### [AVAILABLE RECORDS]
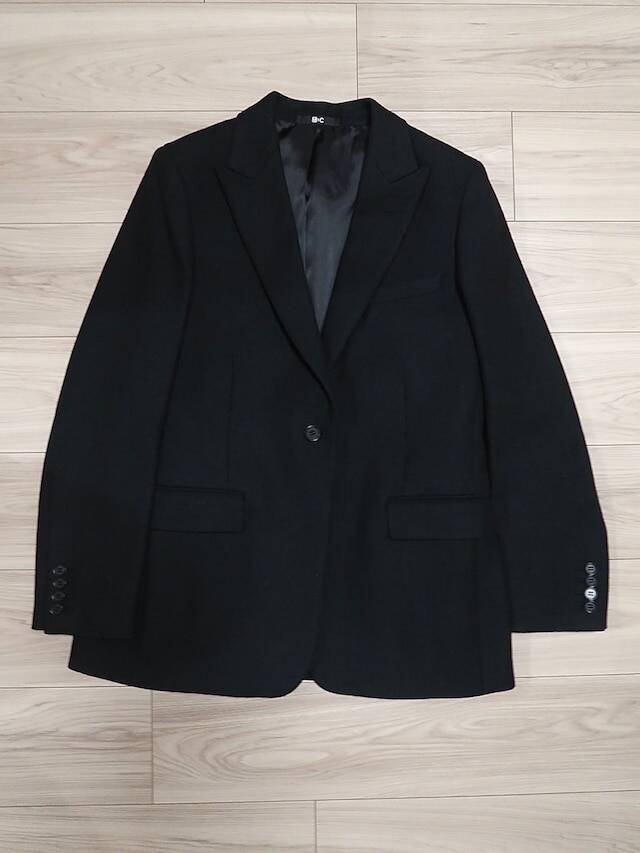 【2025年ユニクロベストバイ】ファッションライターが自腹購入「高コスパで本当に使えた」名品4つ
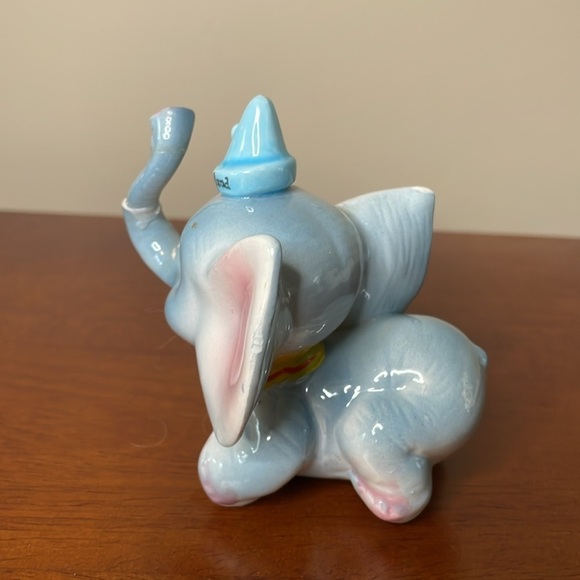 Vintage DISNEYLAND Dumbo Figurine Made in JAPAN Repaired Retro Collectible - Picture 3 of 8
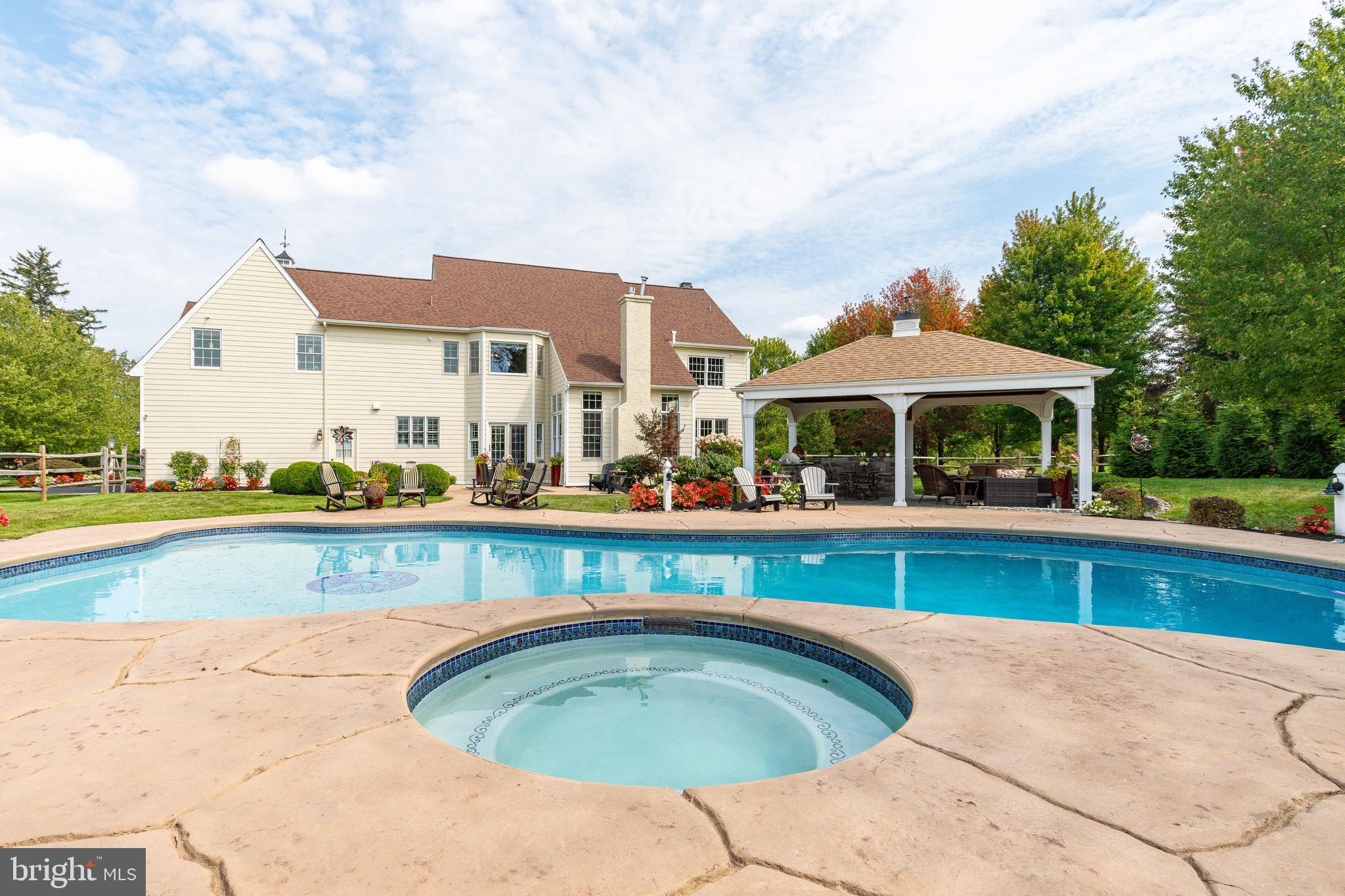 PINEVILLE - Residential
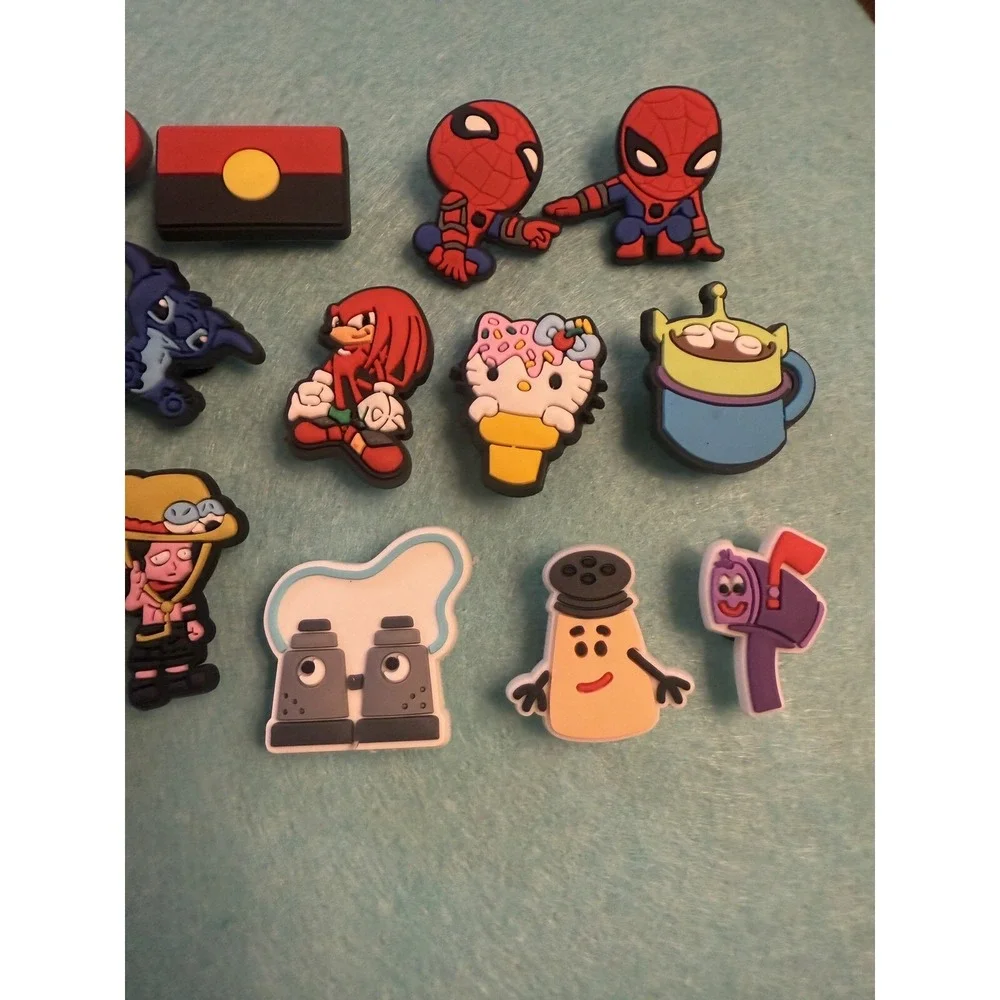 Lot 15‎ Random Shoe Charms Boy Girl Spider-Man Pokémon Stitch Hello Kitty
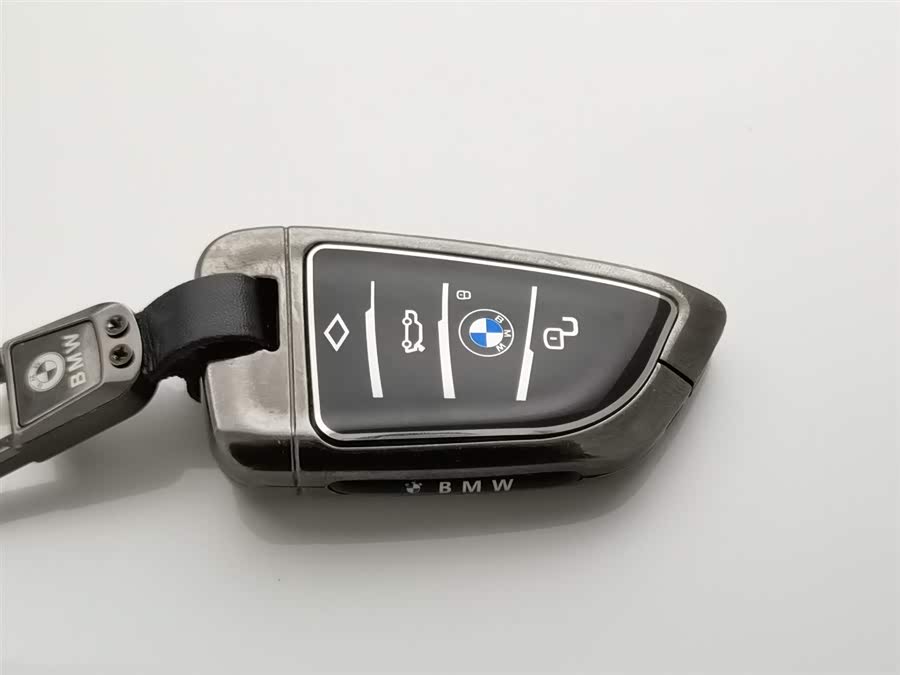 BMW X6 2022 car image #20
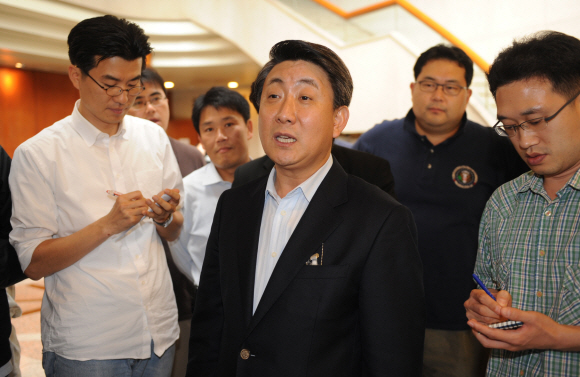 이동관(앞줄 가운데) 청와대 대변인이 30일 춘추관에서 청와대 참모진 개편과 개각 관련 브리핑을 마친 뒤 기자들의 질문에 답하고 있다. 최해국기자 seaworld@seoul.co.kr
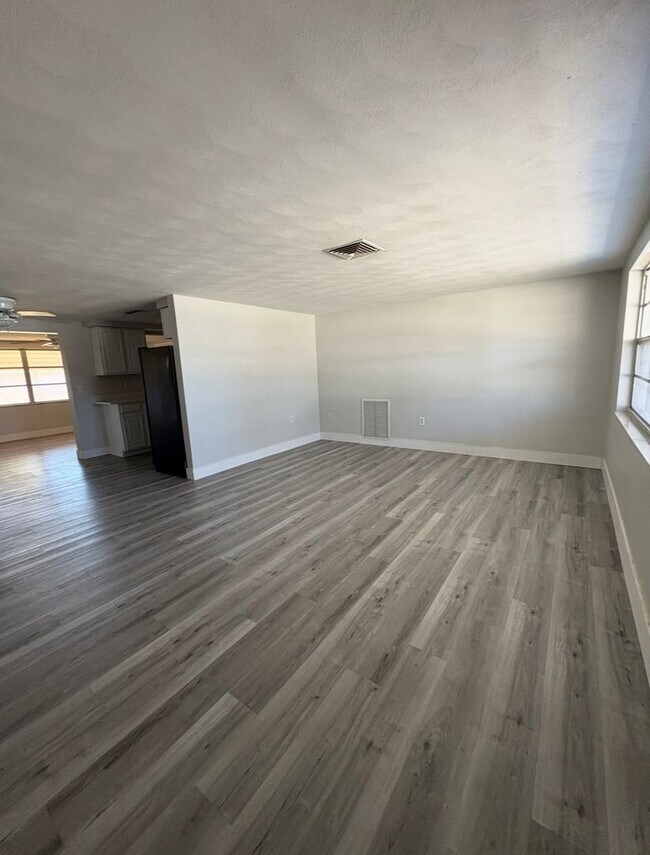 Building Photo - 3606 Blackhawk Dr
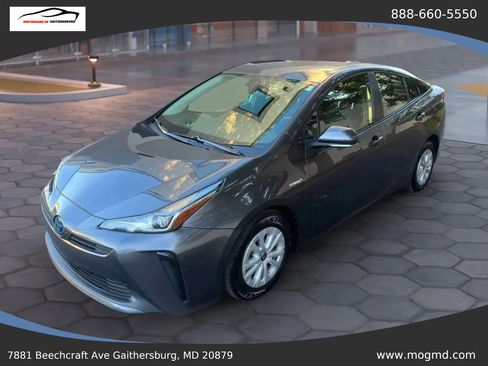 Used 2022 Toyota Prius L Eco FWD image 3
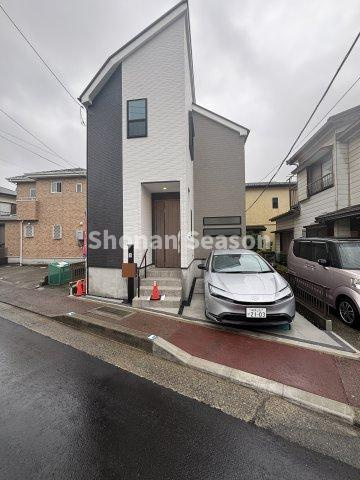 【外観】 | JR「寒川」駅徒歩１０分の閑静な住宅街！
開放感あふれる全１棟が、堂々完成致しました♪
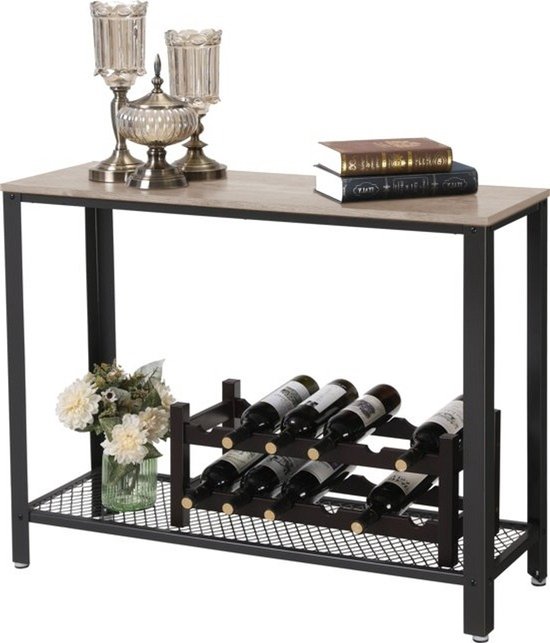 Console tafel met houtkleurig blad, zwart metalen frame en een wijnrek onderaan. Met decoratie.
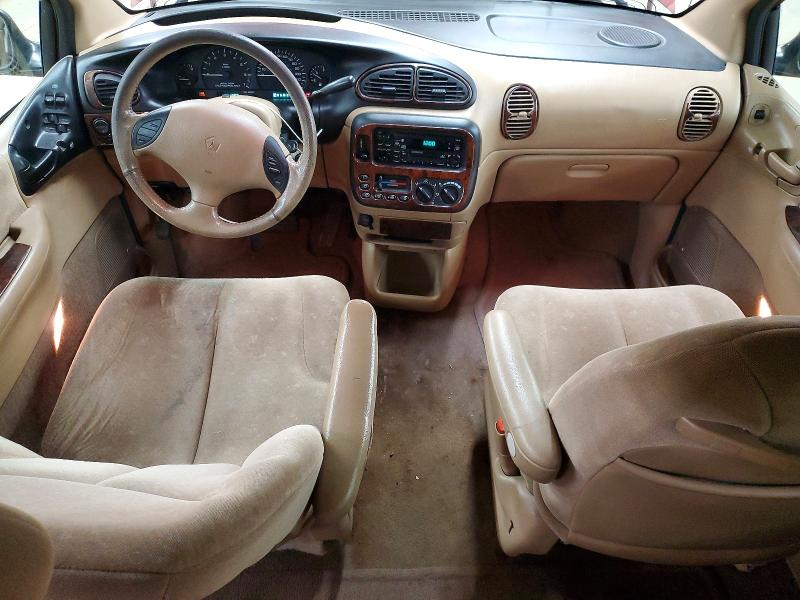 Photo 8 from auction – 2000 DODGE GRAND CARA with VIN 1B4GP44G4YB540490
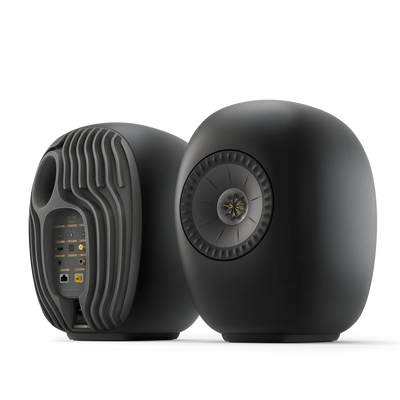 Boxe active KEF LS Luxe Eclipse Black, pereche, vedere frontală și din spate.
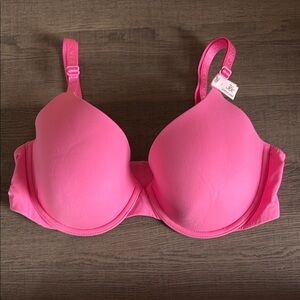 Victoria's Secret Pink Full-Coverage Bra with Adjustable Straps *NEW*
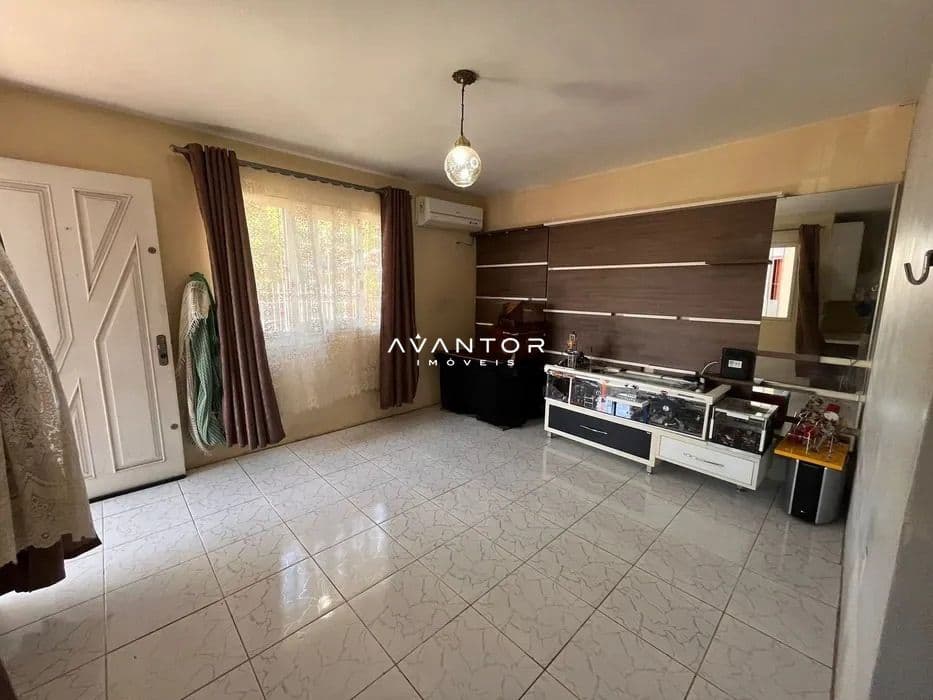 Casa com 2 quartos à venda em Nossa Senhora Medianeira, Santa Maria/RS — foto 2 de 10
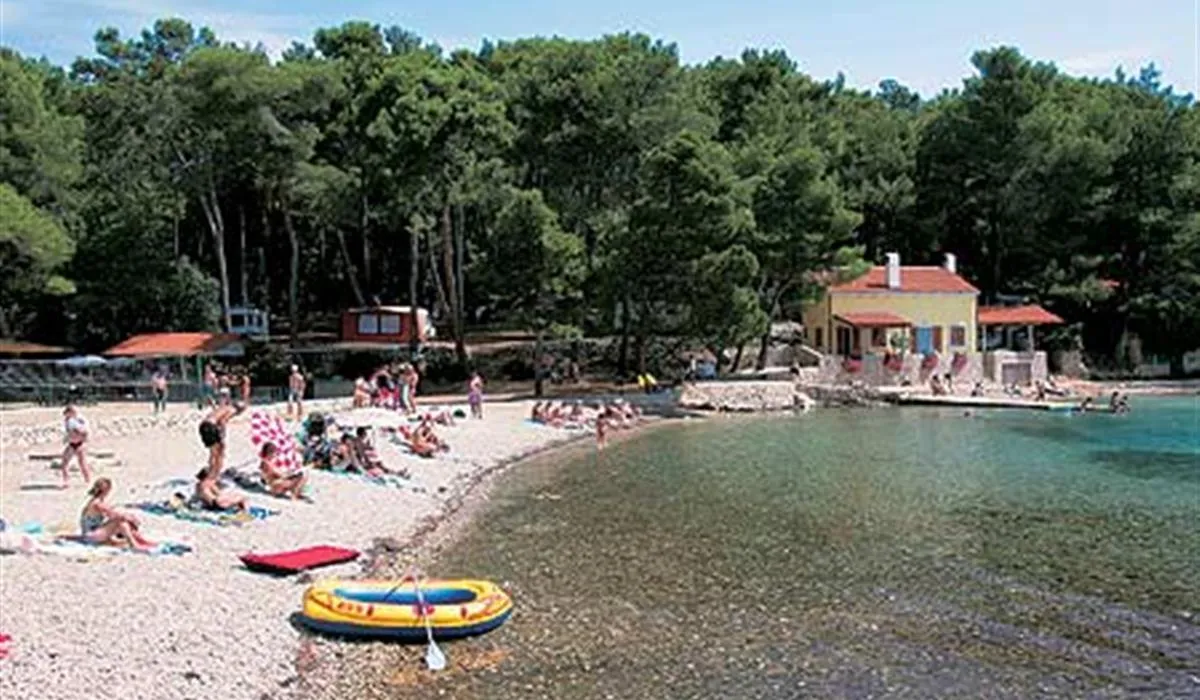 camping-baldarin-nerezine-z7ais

### [WORK TASK]
With the pictures left out, write out exactly the lines from the line containing "Casa com 2 quartos" through the last line of the entries above, both ends included, and no others.

### [PROBLEM SOLUTION]
 Casa com 2 quartos à venda em Nossa Senhora Medianeira, Santa Maria/RS — foto 2 de 10
 camping-baldarin-nerezine-z7ais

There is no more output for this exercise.